Glyph is one of the more unique approaches I’ve seen when it comes to 3D platformers. While it hits all the genre’s familiar notes—running and jumping between platforms, avoiding obstacles and collecting treasures—it’s got one little change that makes a big impact: you’re a ball, with the ball-like physics that come with that. When you can bounce and launch yourself off ramps, when sudden changes of direction or quickly coming to a halt are a little tricky, the familiarity of the 3D platformer becomes something entirely new.
The ball in question is Glyph, a little robotic beetle who can curl up into a little sphere, morph ball style. After being reactivated by another beetle-ball among the ruins of a civilization long since destroyed, Glyph is tasked with travelling around the desert wasteland in search of artifacts and gems that can help restore the Temple City of Aaru to its former glory. It’s a simple premise that exists mostly to set up the game’s bouncing platformer antics, and also lends itself to a nice Ancient Egypt-inspired aesthetic.
Those antics mostly involve rolling around and jumping between stone platforms jutting out of the desert sand, trying to avoid falling into it (sand makes beetle-balls explode, it seems). But being a ball, momentum is your greatest asset and mild hindrance: speed will let you launch yourself off a ramp and go much further than you ever could by simply jumping, but it also means stopping movement and changing directions is a little harder than with a legged platform hero, and becomes more difficult as your speed ramps up.
You have a few other tricks up your sleeve, too. Glyph can spread their wings and glide for short bursts, getting some substantial extra distance from the peak of a jump, while a ground-pound move channels the innate bounciness of even a metal robot ball into some extra jump height. You can jump while airborne, but you get only one jump “charge” each time you touch a safe surface, making those ground-pounds especially useful as a sort of bonus jump: you slam into the ground, pick up a charge as you do so, and bounce yourself back into the air without spending that charge like you would with a regular jump.
From this basis, Glyph creates all sorts of clever, creative puzzles. Some ruins are sparse, with an emphasis on setting up and landing long-distance glides. Others have you climbing pillars, or navigating uneven platforms where you need to take extra care to not roll off. Different obstacles and helpful tools add extra layers to Glyph‘s puzzles, like platforms that disappear shortly after you touch them and pads that charge you up with a double jump, with new elements being introduced in almost every new level.
While you can take things slowly if you want to, one jump at a time, momentum is a big part of Glyph—meaning that once you get accustomed to the Glyph’s movement, you can start to experiment with shortcuts and more creative solutions to the puzzles at hand. Why hop along a path one platform at a time when a well placed jump can launch you past the whole lot to a safe landing a few dozen feet away? Why take the long, winding road to your destination when the right angle and a well-timed smash-jump-glide combo can let you make a beeline right for it?

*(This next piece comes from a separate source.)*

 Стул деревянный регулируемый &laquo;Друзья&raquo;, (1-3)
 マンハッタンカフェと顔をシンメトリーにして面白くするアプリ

Every level in Glyph is designed with this sort of openness in mind. There are the obvious paths, but nothing stopping you from trying to deviate from them to experiment with quicker, riskier approaches or just different ways of getting to the end. Exploring those limits is a big part of Glyph‘s appeal, and giving you a playground to make that sort of exploration rewarding is a focus for the game’s level design. This is a game built for speedrunners: there are so many ways, big and small, to create your own shortcuts and find little ways to shave milliseconds off a completion time.
That’s helped by controls that are surprisingly responsive, despite the roly-poly nature of Glyph. Sure, you can’t just stop on a dime or suddenly change direction, but you still have plenty of control over the beetle’s movement, both while airborne and while rolling around. It’d be easy for a game like this to overplay the “ball physics” angle to the point that it’s almost impossible to keep the ball on track, but Glyph finds a good balance: those physics are still something you have to contend with, and something that can be your downfall if you get too greedy with a big jump or completely misjudge a landing, but not to the point of feeling like you’re trying to roll a marble along a toothpick.
That said, the difficulty curve can be steep. Responsive as the controls are, Glyph’s unique style of movement still takes some getting used to, and levels ramp up rapidly in terms of what sort of maneuvers they expect you to have mastered in order to deal with the new puzzles they present. With no mid-level checkpoints and some levels that can be rather long, repeatedly dying as you try to figure out how the game wants you to deal with each new challenge can be a nuisance.

But if you can take the time to master it, Glyph can be a rewarding game—in terms of both a wealth of collectibles and secrets to find, and in the intrinsic satisfaction that comes with expertly navigating Glyph through whatever deadly shortcut you’ve decided works for you. With its little round hero and ball-based physics, Glyph puts an interesting twist on the familiarity of the classic 3D platformer.

Glyph is developed by and published by Bolverk Games. It’s available now for Nintendo Switch (reviewed), and a VR version is available for PC.
A review copy was provided to Shindig by the publisher.